I giovani, più che lanzichenecchi, stanno diventando purtroppo una “risorsa scarsa”, oltre che una “materia prima critica”, sul piano numerico, soprattutto visti gli assurdi trend demografici di questo paese, ma sono però anche la risorsa e il bacino più prezioso. Sarebbe ora che le nostre élite scendessero dai palazzi e salissero sugli autobus per scoprire i talenti che si nascondono sotto quei tatuaggi. L’appello di Luigi Tivelli, Academy Spadolini

Oportet ut scandala eveniant. L’ultimo tormentone tra stampa e gioco di sponda con i social è il caso Alain Elkann. Non credo di sovrappormi ai tanti articoli usciti, e che usciranno, né alle, per certi versi legittime, proteste del comitato di redazione di Repubblica. Elkann lo ho conosciuto, specie quando era consigliere dell’allora ministro dei beni culturali Giuliano Urbani che ho sempre frequentato e che sento ancora molto volentieri, ed anche perché talvolta mi ha intervistato per qualche mio libro per la bella trasmissione su La7 che all’epoca conduceva. Ne ho sempre apprezzato l’eleganza e lo stile. Ho sempre saputo però che era figlio ed espressione fisiologica di certe élite.

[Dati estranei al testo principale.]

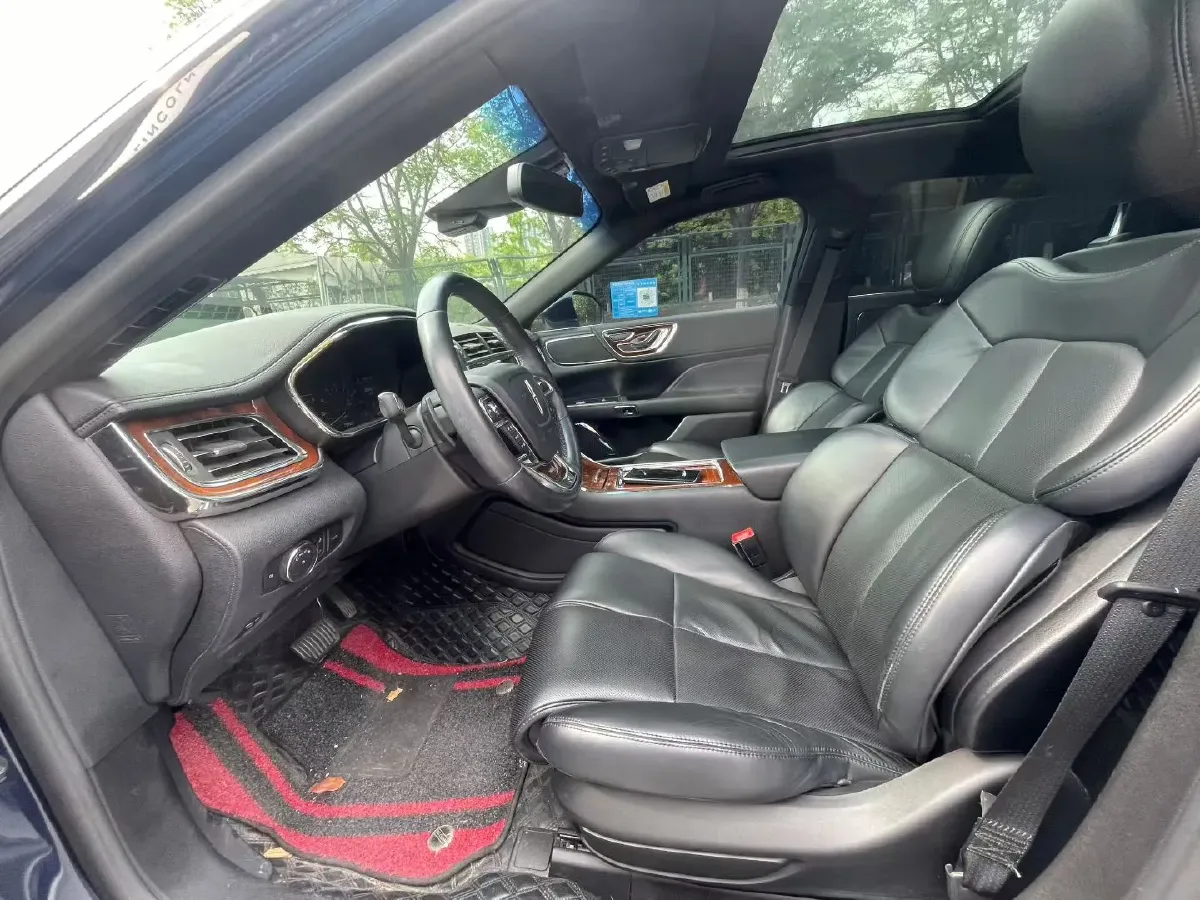 2017 Lincoln Continental 2.0T 261HP L4 6AT,autocango,china used car exporter,china ev exporter,chinese used car exporter,chinese used ev exporter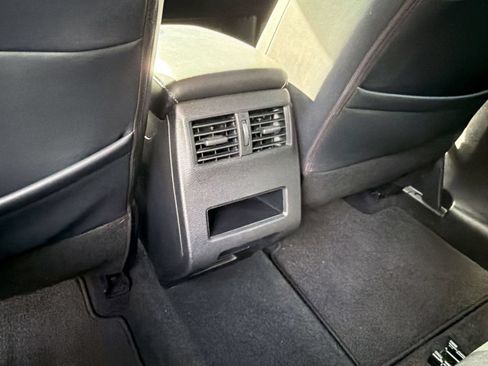 Used 2022 Mitsubishi Outlander SE FWD image 24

A cominciare da quelle piemontesi (ed anche francesi), che ruotavano, ed in parte ruotano ancora, intorno al mondo di quello che era ed è la Fiat e che in parte ben conoscevo e conosco.
Non credo sia felice di essere tornato alla ribalta con la sua gaffe di ieri. Detto tra noi, credo che mettere insieme la lettura della Recherche di Proust o del Financial Times con ragazzi tatuati, chiassosi di questa generazione mi sembra sia frutto di un po’ di inconsapevole arroganza intellettuale alimentata da una sorta di elitismo fisiologico sia sul piano culturale che sul piano economico sociale. Comunque, in ogni caso, va riconosciuto ad Elkann un merito inconsapevole. Ovvero di aver scoperchiato senza volerlo la pentola fumante e un po’ maleodorante di una delle questioni più importanti per la società italiana odierna: quella del dialogo intergenerazionale.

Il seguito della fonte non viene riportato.